*** Extracted data ***

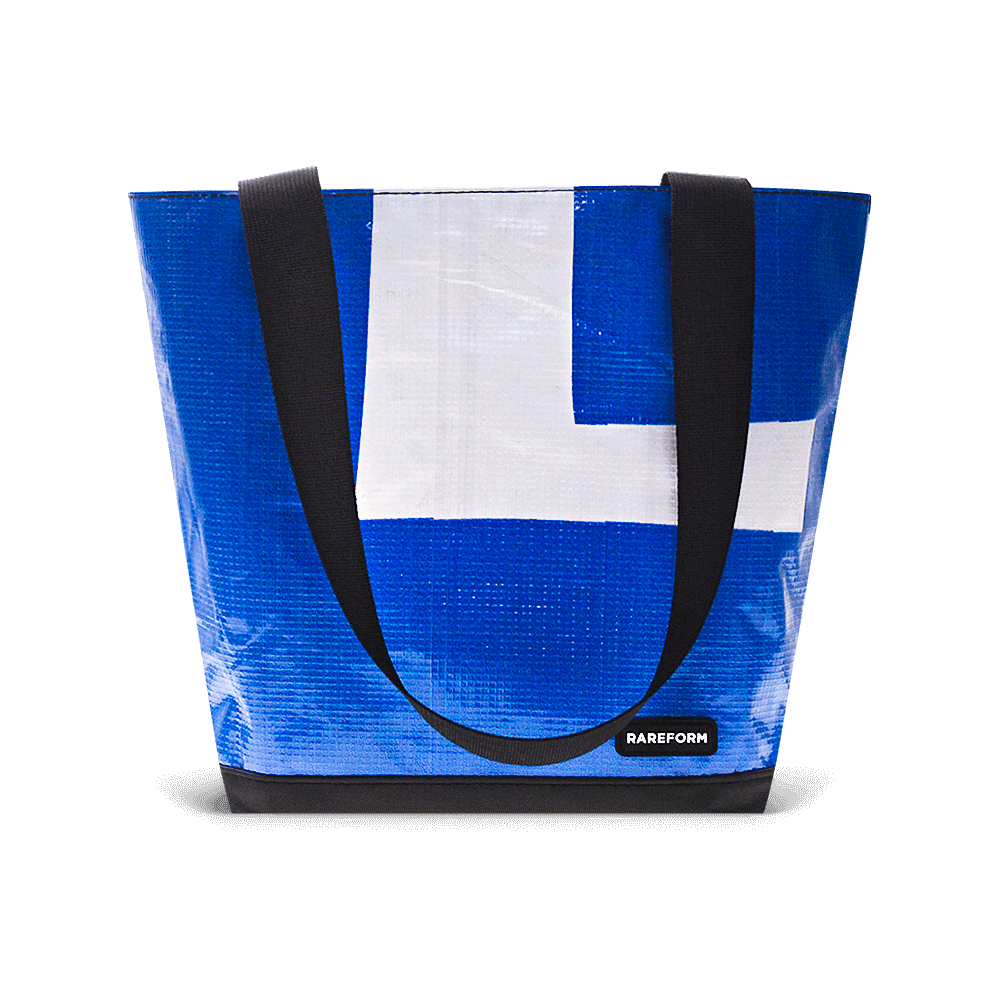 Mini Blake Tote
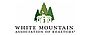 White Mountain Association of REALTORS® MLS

*** End of Extracted data ***
*** Extracted data ***

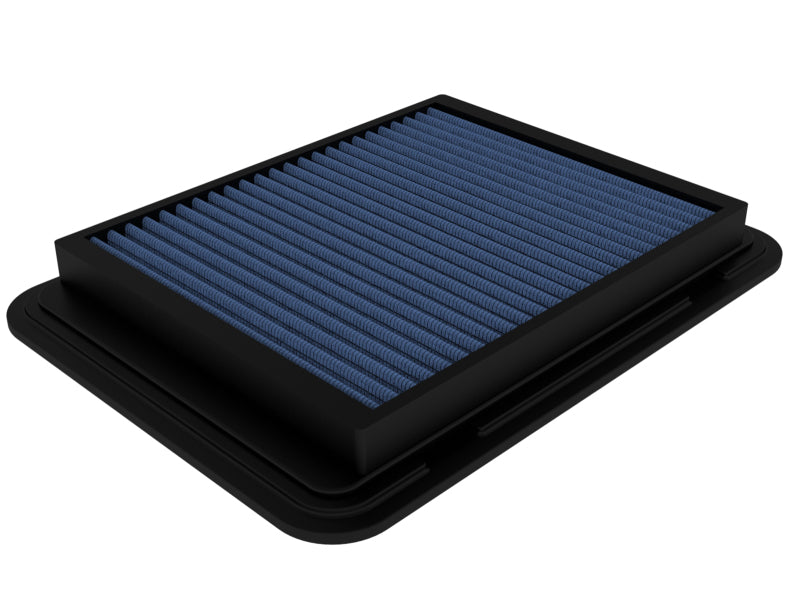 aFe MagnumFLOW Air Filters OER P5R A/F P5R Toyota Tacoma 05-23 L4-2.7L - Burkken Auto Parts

*** End of Extracted data ***
*** Extracted data ***

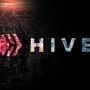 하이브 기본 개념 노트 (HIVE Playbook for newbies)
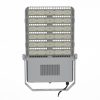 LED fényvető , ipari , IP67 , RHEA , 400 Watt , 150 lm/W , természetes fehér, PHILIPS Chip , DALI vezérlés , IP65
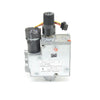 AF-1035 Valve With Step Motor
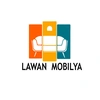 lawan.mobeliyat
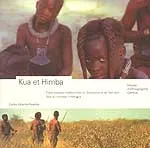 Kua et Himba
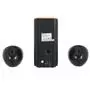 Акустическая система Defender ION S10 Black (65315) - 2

*** End of Extracted data ***

Assignment: Within the listing above, write out the stretch from the line with "AF-1035 Valve With Step Motor" through the line with "Акустическая система Defender" exactly. Any pictures are to be left out.

Solution to this task:
 AF-1035 Valve With Step Motor
 lawan.mobeliyat
 Kua et Himba
 Акустическая система Defender ION S10 Black (65315) - 2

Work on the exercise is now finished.